A (blue) sphere of radius $r$ is centred at point $P(P_x,0,P_z)$ which may lie inside or outside the cone.

The line segment connecting points $O,P$ has length $p < r$. Thus point $O$ always lies inside the sphere.

The cone surface and the sphere surface intersect in a non-planar curved line loop which includes points $L1,L2$.
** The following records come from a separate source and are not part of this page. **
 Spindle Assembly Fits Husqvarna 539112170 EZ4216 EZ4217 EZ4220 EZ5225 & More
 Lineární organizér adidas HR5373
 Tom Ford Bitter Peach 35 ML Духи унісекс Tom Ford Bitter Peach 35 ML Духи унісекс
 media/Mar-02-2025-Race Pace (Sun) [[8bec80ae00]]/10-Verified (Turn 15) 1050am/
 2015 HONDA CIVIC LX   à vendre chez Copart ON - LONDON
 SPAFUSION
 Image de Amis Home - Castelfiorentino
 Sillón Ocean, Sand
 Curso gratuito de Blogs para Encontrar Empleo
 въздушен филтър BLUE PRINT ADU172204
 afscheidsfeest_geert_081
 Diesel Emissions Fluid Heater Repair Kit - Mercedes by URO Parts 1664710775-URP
From here I have found equations for the loop (where $c$ is the "cone opening parameter" defined by $c^2=(x^2+y^2)/z^2$) :-

$$ (x-P_x)^2+(y-P_y)^2+\frac{x^2+y^2}{c^2}-\frac{2.P_z}{c}\sqrt{x^2+y^2}+P_z^2=r^2 \qquad [1] $$

$$ x^2\left(1+\frac{1}{c^2}\right)-2P_x.x+y^2\left(1+\frac{1}{c^2} \right) -2P_y.y + (P_x^2+P_y^2+P_z^2-r^2)-\frac{2P_z}{c}\sqrt{x^2+y^2}=0. \qquad [2] $$

In this case the value of $P_y$ is zero which simplifies the above equations a little bit.

QUESTION

What (in steradians) is the solid angle $w$ subtended by the "loop" at point $P$ in terms of $a,r,P_x,P_z$?

Answer 1

Let's move everything so that the center of the sphere is in the origin. Then the sphere is simply

$$x^2+y^2+z^2=r^2$$

and the cone becomes

$$\left(x+P_x\right)^2+y^2=c^2\left(z+P_z\right)^2$$

and since you don't want a double cone, you also want

$$z+P_z>0\quad.$$

The $y=0$ plane intersects the cone in two lines, namely

$$x=\pm c(z+P_z)-P_x$$

and these intersect the sphere at

$$x_{1,2}={\frac{\pm c\left({P_z} + \sqrt{{\left(c^{2} + 1\right)} r^{2} - c^2{P_z}^{2} \pm 2 c {P_x} {P_z} - {P_x}^{2}}\right) - {P_x}}{c^{2} + 1}}\quad.$$

For a given $x$ coordinate in that plane, the points on the loop are both at

$$ z(x) = -\frac{{P_z} c^{2} - \sqrt{{\left({P_x}^{2} - {P_z}^{2}\right)} c^{2} + {\left(c^{2} + 1\right)} r^{2} + {P_x}^{2} + 2 \, {\left({P_x} c^{2} + {P_x}\right)} x}}{c^{2} + 1} $$

so the portion of the sphere in that $x$ plane and between the points on the loop will form a circular arc with a length of

$$l(x) = 2\sqrt{r^2-x^2}\arcsin\frac{z(x)}{\sqrt{r^2-x^2}}\quad.$$

To integrate these arcs into an area, you have to multiply them by the arc length element in the $y=0$ plane. This is defined by

$$\mathrm ds^2=\mathrm dx^2+\mathrm dz^2 = \mathrm dx^2\left(1+\left(\frac{\mathrm dz}{\mathrm dx}\right)^2\right)$$

which means we need the derivative

$$\frac{\mathrm dz}{\mathrm dx}=\frac{{P_x}}{\sqrt{{\left({P_x}^{2} - {P_z}^{2}\right)} c^{2} + {\left(c^{2} + 1\right)} r^{2} + {P_x}^{2} + 2 \, {\left({P_x} c^{2} + {P_x}\right)} x}}$$

to obtain

$$\mathrm ds = {\sqrt{\frac{{P_x}^{2}}{{\left({P_x}^{2} - {P_z}^{2}\right)} c^{2} + {\left(c^{2} + 1\right)} r^{2} + {P_x}^{2} + 2 \, {\left({P_x} c^{2} + {P_x}\right)} x} + 1}}\;\mathrm dx\quad.$$

So the portion of the sphere enclosed by the loop has area

$$\int_{x_1}^{x_2}l(x)\;{\sqrt{\frac{{P_x}^{2}}{{\left({P_x}^{2} - {P_z}^{2}\right)} c^{2} + {\left(c^{2} + 1\right)} r^{2} + {P_x}^{2} + 2 \, {\left({P_x} c^{2} + {P_x}\right)} x} + 1}}\;\mathrm dx\quad.$$

At least numerically this should be reasonably simple to integrate. I haven't tried yet to find a closed form for this. It might be simpler if you have explicit numbers instead of all these variables.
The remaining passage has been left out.